* Work item *
Below are some records; output exactly the lines from the line with "Judy Blue denim shorts - Picture 2 of 4" to the line with "Aquatic dragon and", both ends kept, and nothing more.

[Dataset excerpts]
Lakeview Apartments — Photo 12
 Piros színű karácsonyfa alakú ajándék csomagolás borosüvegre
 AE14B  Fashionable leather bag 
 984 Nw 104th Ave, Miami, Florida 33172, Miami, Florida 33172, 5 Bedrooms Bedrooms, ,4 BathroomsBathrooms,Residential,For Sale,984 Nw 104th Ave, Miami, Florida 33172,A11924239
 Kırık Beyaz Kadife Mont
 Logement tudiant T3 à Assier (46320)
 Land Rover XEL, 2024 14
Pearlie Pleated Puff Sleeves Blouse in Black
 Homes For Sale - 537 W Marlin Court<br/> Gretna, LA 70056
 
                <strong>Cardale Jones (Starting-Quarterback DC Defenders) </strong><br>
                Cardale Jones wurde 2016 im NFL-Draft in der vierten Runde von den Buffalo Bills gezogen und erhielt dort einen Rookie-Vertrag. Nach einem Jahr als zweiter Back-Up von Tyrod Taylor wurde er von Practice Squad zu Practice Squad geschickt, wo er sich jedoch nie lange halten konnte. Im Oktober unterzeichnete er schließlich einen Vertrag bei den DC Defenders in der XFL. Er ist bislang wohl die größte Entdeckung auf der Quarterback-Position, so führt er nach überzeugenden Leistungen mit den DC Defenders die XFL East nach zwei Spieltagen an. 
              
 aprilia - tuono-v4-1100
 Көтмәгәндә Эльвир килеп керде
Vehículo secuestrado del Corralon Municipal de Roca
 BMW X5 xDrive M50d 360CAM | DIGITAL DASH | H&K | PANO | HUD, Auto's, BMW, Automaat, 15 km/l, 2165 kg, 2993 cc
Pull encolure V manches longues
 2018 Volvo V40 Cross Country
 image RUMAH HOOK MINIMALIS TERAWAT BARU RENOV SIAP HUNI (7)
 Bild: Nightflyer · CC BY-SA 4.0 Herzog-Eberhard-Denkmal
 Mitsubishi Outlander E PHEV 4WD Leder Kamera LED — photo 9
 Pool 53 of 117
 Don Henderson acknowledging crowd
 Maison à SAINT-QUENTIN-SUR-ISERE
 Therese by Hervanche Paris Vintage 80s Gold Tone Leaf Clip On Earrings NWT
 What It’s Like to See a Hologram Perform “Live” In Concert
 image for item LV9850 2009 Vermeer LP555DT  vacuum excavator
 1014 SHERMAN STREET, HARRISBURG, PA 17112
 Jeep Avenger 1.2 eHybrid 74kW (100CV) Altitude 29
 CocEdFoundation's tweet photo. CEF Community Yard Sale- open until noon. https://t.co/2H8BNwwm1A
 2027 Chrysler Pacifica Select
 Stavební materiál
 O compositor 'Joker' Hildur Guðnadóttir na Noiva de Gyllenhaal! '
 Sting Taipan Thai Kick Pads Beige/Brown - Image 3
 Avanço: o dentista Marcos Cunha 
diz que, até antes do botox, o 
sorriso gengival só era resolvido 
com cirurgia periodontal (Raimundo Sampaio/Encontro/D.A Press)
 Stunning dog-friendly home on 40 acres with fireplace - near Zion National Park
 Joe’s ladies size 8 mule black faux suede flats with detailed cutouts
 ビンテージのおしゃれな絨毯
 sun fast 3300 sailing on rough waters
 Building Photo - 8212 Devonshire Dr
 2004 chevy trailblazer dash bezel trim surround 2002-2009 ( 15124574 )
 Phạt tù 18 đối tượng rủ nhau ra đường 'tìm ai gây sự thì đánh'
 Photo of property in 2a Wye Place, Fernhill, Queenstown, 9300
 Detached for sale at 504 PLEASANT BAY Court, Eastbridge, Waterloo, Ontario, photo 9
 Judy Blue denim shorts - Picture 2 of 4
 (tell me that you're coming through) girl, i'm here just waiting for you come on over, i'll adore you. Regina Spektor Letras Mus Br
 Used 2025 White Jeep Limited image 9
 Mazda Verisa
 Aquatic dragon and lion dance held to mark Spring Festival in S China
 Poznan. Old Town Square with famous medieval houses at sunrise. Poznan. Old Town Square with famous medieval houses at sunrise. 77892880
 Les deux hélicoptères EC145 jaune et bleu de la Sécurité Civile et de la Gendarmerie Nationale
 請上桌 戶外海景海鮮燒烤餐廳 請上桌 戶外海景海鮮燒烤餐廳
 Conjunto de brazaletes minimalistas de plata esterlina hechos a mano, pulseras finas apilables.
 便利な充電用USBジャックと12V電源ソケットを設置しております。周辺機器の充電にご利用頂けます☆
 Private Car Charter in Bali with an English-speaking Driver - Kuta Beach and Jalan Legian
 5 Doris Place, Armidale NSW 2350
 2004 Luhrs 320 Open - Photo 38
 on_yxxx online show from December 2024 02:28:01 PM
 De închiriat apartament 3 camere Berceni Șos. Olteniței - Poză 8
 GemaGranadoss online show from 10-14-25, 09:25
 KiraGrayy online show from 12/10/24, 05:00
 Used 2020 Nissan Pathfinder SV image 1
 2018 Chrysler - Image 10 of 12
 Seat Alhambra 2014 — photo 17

* Task answer *
 Judy Blue denim shorts - Picture 2 of 4
 (tell me that you're coming through) girl, i'm here just waiting for you come on over, i'll adore you. Regina Spektor Letras Mus Br
 Used 2025 White Jeep Limited image 9
 Mazda Verisa
 Aquatic dragon and lion dance held to mark Spring Festival in S China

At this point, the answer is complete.